Review Comment:
The submission proposes a similarity metric that evaluates the accuracy of the predictions that a query optimizer makes about the cardinalities of triples and joins. As these predictions are the primary input for estimating cost, erroneous cardinality predictions can lead the optimizer to sub-optimal query plans.
The proposed similarity metric is compared against q-error, a metric for evaluating cardinality predictions from the relational database literature. The basis of comparison is how strongly the evaluation metric correlates with actual execution times on a benchmark suite. That is to say, the proposed similarity metric is found superior to q-error in the sense that the new metric is a better predictor of overall query execution performance than q-error. Such a metric can be used (in combination with other metrics evaluating other steps of the query processing pipeline) in order to pin-point the step that causes ill-performance.
This work can potentially be a significant contribution to the federated query processing literature, and the submitted manuscript is a substantial contribution towards materializing this potential.
Regarding the authors' reaction on my comment regarding taking index size into account, I do not agree with their rationale for not involving this information as part of the metric (explanation follows), but it is their metric and their article, so AFAIIC the substance of the comment has been addressed as they now report index size and index construction time.
For the sake of academic discussion only, not be understood as a review comment, let me explain my argument by reduction to absurdity: there is nothing preventing a federation engine from copying the complete datasets and calling this copy the "index", internally trying out all sub-queries on all datasets, and then proceeding to plan the "real" execution based on perfect cardinality "estimations". None of the engines tested does this, but in my opinion the metric is weakened by the fact that it can be gamed in such a straightforward way. In fact, although the default behaviour is the one correctly described in Section 5, the Semagrow index can be configured to also include multi-dimesional join cardinalities. The index extractor is given as a parameter how much space it is allowed to consume and it decides how to use this space budget prudently, only keeping the most surprizing selectivities. Naturally it is not advisable to use too large an index as searching through the index would end up taking longer than executing even the most suboptimal plan, but it would game the cardilatity estimation metric. So a metric that combines cardinality accuracy with index size would be a useful tool for tuning systems with a variable-size index.
Regarding the authors' comment that index size depends on the format used to store the index, I am sure that "size" can be defined in a way that abstracts to information granules without being sensitive to the specific format.
My other comment has to do with the level of detail in the analysis of the experiments' outcomes. Although the second version of the article has become considerably more technically detailed and interesting, I think that some improvement is still in order: Empirical results do not go back to the great overview the authors are now giving in Section 5 to explain what characteristic of each of the five cardinality estimation strategies do or do not work well for the different dataset/query situations explored by the benchmark. In other words, if the new metric is compared against q-metric not only statistically, but also using the hints given by the statistics to go back and demostrate what actual phenomena q-metric fails to capture but the new metric does. This would be a blueprint on how to use the metric to discover and fix problems in federation engines, demonstrating its potential and increasing our confidence that it is capturing something that q-metric does not.

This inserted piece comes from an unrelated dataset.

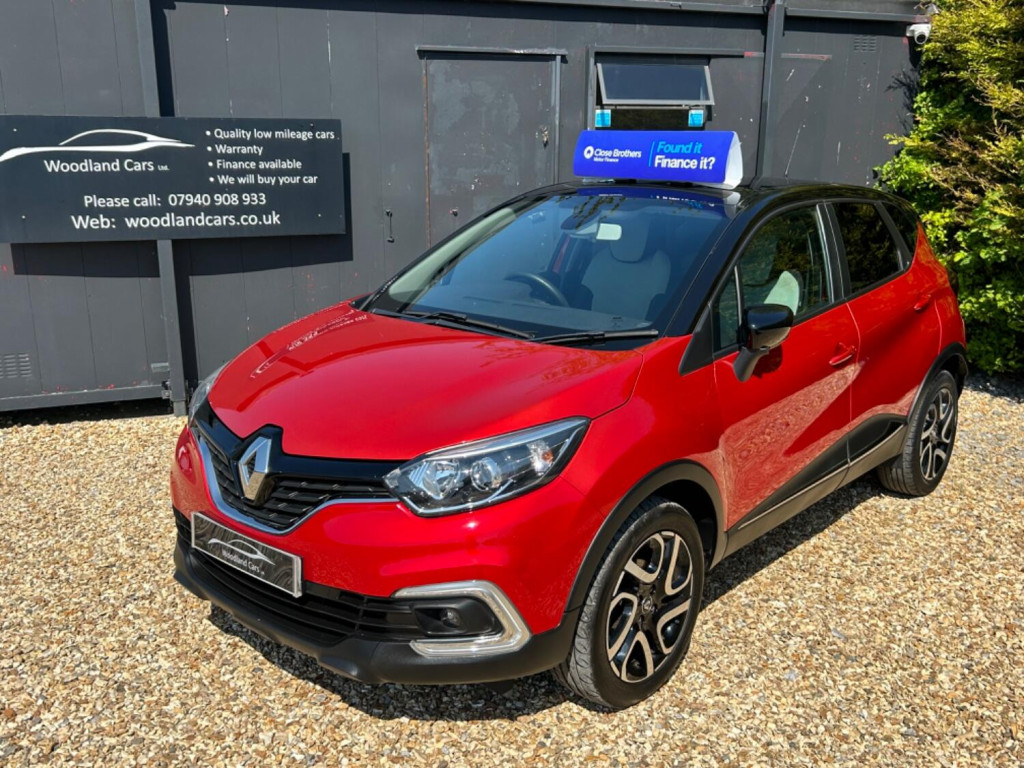View RENAULT CAPTUR 0.9 Iconic TCe 90 MY18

Given the above, I find the authors' response to the relevant comment in the first review satisfactory, as they added a very interesting analysis of how better cardinality estimation leads to better query plans. What is missing, editorially rather than substantially, is a concrete demonstration of how the new metric can be used in a way that q-metric alone would be insufficient. This would evaluate the first contribution claimed by the authors: the new metric can give a fine-grained evaluation of query engines.
Another minor editorial in Section 4.1, Definition 1:
(r_1, ... r_n) and (e_1, ... e_n) are in R^n, not R
|